All mediation analyses require strong assumptions to draw valid causal inferences about direct and indirect effects. Firstly, these analyses require control for exposure-outcome, mediator-outcome, and exposure-mediator confounding. The study design and data source have important implications on the assumptions required for estimating direct and indirect effects in mediation analyses (eg, no unmeasured confounding). For example, in most randomised trials, it can generally be assumed that the exposure-mediator and exposure-outcome effects are unconfounded because of random allocation of participants to treatment groups. This is not the case for observational designs, and researchers are required to identify, collect, and adjust for all potential exposure-mediator and exposure-outcome confounders. All mediation analyses require consideration of mediator-outcome confounding, including possible mediator-outcome confounders that are affected by the exposure.8 Readers can easily assess the assumed causal associations when authors include a directed acyclic graph.2627 Design variations within observational studies, such as case-control and cohort designs, can also require different analytical approaches and additional assumptions.28 Mediation analysis, as with any causal analysis, requires that the exposure and mediators are well defined (consistency assumption),29 as well as a non-zero probability for any participant to be assigned to any level of the exposure and to present with any level of the mediator (positivity assumption).30
When and how the exposure, mediator, outcome, and potential confounding variables are measured has important implications on the validity of mediation analysis findings. The temporal precedence of the variables in a mediation analysis is important for assessing the direction of the hypothesised causal associations and the possibility of reverse causation. Temporal precedence requires the exposure to precede the mediator, which should precede the outcome. This precedence is often achieved with a longitudinal design, where each exposure is measured before mediator and mediator is measured before the outcome.31 As with all randomised trials and observational studies, measurement error or misclassification can lead to bias in the estimated effects, including the direct and indirect effects from mediation analysis.832
The authors included a directed acyclic graph to transparently display the assumed causal model (fig 4). The authors assumed no unmeasured confounding of the exposure-mediator and the exposure-outcome effects owing to random allocation of participants, and no confounding of mediator-outcome effects owing to adjustment of potential confounders (eg, age, sex, race, lifestyle characteristics). Finally, to ensure temporal ordering of the variables, the authors conducted the analysis on a restricted subset of participants (n=8301) who were still at risk for the primary outcome one year after randomisation, and who did not have missing blood pressure measurements at that time.
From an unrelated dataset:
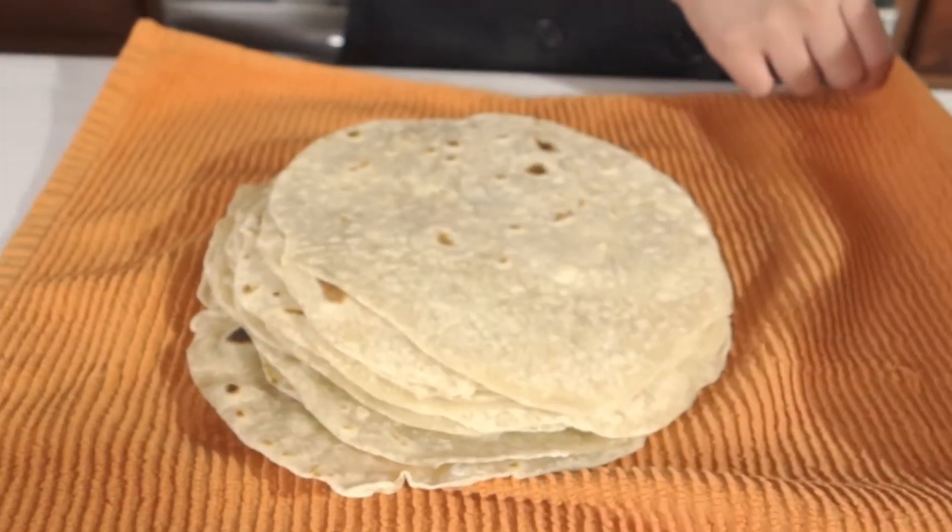Today, I'm gonna teach you guys how to make real Mexican flour tortillas with lard. If you guys are wondering if these are fat free, click away because they are not. Now let's get on to making these tortillas.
Directed acyclic graph of the assumed causal effects between intensive and standard antihypertensive treatment on cardiovascular outcomes through the potential mediator low diastolic blood pressure. Exposure-mediator effect represented by the purple arrow from the treatment to the mediator. Mediator-outcome effect represented by the purple arrow from the mediator to the outcome. Potential confounders of the mediator-outcome effect represented by the green arrows. Direct effect represented by the purple arrow from the treatment to the outcome and indirect effect represented by the purple arrows from the treatment to the outcome through the mediator
Valid causal interpretations of mediation effects require that all potential exposure-mediator, exposure-outcome, and mediator-outcome confounders (identified and measured in step 3) are controlled by design or analysis.33 Several approaches are used to adjust for confounders in the analysis—including standard regression adjustment, where confounders are included as covariates in the statistical model—as well as more contemporary methods (including inverse probability weighting and sequential g estimation).33 In contrast with direct and indirect effects, the controlled direct effect can still be estimated when mediator-outcome confounders, including mediator-outcome confounders affected by the exposure, have not been accounted for by design or analysis.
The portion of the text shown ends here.